• **EXERCISE PROMPT**
Your task is to reproduce exactly the lines that run from the beginning of the data through the line where "It wasn’t that" appears.

• **RECORDS SHOWN**
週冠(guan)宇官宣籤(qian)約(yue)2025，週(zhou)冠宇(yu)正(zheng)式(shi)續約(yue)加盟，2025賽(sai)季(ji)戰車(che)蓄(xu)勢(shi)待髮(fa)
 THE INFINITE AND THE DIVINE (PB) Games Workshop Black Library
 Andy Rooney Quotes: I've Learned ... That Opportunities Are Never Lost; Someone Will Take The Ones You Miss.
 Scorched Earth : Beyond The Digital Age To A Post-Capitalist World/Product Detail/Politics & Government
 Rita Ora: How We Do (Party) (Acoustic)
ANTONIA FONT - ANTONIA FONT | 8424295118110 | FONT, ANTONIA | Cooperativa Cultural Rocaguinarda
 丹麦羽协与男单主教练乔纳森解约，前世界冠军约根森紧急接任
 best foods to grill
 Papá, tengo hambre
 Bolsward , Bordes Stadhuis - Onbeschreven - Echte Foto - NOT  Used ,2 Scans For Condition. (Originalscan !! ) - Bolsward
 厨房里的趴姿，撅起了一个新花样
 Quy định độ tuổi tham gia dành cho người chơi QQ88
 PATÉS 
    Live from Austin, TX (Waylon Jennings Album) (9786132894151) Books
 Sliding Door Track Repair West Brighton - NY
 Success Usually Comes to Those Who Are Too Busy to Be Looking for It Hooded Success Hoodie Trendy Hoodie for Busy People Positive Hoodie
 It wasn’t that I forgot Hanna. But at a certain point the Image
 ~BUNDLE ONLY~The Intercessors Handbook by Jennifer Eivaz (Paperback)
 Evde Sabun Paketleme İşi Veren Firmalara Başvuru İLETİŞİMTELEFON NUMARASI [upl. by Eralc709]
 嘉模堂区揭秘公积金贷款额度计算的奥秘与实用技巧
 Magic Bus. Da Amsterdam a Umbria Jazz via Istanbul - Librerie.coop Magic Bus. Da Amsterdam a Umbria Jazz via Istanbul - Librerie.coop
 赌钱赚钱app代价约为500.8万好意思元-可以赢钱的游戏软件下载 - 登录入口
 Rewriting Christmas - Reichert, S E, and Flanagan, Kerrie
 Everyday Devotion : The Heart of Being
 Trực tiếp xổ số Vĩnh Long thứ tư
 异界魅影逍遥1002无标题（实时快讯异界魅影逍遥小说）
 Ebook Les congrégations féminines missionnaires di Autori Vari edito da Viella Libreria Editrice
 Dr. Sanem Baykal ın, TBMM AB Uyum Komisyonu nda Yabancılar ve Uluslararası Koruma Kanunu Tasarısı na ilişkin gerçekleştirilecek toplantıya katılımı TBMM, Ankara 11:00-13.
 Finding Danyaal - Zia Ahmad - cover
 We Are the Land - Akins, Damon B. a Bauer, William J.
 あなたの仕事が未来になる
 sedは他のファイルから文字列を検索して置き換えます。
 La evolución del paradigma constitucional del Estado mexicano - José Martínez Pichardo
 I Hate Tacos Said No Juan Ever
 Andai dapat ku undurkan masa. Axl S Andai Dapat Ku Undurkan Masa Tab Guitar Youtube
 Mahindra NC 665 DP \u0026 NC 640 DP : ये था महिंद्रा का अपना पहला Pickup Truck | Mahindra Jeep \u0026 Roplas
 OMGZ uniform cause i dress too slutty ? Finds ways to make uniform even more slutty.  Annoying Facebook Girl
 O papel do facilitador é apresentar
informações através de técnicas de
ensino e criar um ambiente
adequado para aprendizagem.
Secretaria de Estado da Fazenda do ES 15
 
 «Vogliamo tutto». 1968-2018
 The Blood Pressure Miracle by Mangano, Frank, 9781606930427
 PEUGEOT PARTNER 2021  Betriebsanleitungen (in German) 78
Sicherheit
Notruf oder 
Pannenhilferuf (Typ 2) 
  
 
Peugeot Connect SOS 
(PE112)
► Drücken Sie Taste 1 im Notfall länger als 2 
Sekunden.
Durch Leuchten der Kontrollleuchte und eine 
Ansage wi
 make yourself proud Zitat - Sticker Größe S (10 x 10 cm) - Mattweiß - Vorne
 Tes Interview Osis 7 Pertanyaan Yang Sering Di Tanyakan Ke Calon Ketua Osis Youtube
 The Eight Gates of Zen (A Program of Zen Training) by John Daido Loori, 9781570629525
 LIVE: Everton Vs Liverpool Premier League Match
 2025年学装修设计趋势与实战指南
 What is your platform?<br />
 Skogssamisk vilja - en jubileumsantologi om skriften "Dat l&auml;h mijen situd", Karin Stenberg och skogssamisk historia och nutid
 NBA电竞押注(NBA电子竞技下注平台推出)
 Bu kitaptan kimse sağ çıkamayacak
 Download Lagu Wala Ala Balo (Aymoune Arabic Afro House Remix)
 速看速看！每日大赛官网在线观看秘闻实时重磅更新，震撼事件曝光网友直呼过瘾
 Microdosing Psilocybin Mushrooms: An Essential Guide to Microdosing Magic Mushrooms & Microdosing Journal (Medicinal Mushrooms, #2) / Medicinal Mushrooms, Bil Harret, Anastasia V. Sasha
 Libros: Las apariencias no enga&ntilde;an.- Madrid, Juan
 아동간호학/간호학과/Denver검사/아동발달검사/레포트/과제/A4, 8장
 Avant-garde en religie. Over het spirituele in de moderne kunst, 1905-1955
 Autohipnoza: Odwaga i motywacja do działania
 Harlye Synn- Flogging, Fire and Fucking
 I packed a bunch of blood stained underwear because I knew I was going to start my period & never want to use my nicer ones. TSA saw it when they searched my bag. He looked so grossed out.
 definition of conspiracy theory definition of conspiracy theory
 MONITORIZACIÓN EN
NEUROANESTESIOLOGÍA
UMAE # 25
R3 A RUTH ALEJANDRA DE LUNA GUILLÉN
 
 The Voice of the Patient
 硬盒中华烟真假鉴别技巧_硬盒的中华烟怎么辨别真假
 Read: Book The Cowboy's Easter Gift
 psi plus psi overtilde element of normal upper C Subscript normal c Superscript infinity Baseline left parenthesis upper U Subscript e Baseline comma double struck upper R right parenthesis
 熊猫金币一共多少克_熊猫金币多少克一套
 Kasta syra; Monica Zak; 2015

• **RESULT OF THE TASK**
週冠(guan)宇官宣籤(qian)約(yue)2025，週(zhou)冠宇(yu)正(zheng)式(shi)續約(yue)加盟，2025賽(sai)季(ji)戰車(che)蓄(xu)勢(shi)待髮(fa)
 THE INFINITE AND THE DIVINE (PB) Games Workshop Black Library
 Andy Rooney Quotes: I've Learned ... That Opportunities Are Never Lost; Someone Will Take The Ones You Miss.
 Scorched Earth : Beyond The Digital Age To A Post-Capitalist World/Product Detail/Politics & Government
 Rita Ora: How We Do (Party) (Acoustic)
ANTONIA FONT - ANTONIA FONT | 8424295118110 | FONT, ANTONIA | Cooperativa Cultural Rocaguinarda
 丹麦羽协与男单主教练乔纳森解约，前世界冠军约根森紧急接任
 best foods to grill
 Papá, tengo hambre
 Bolsward , Bordes Stadhuis - Onbeschreven - Echte Foto - NOT  Used ,2 Scans For Condition. (Originalscan !! ) - Bolsward
 厨房里的趴姿，撅起了一个新花样
 Quy định độ tuổi tham gia dành cho người chơi QQ88
 PATÉS 
    Live from Austin, TX (Waylon Jennings Album) (9786132894151) Books
 Sliding Door Track Repair West Brighton - NY
 Success Usually Comes to Those Who Are Too Busy to Be Looking for It Hooded Success Hoodie Trendy Hoodie for Busy People Positive Hoodie
 It wasn’t that I forgot Hanna. But at a certain point the Image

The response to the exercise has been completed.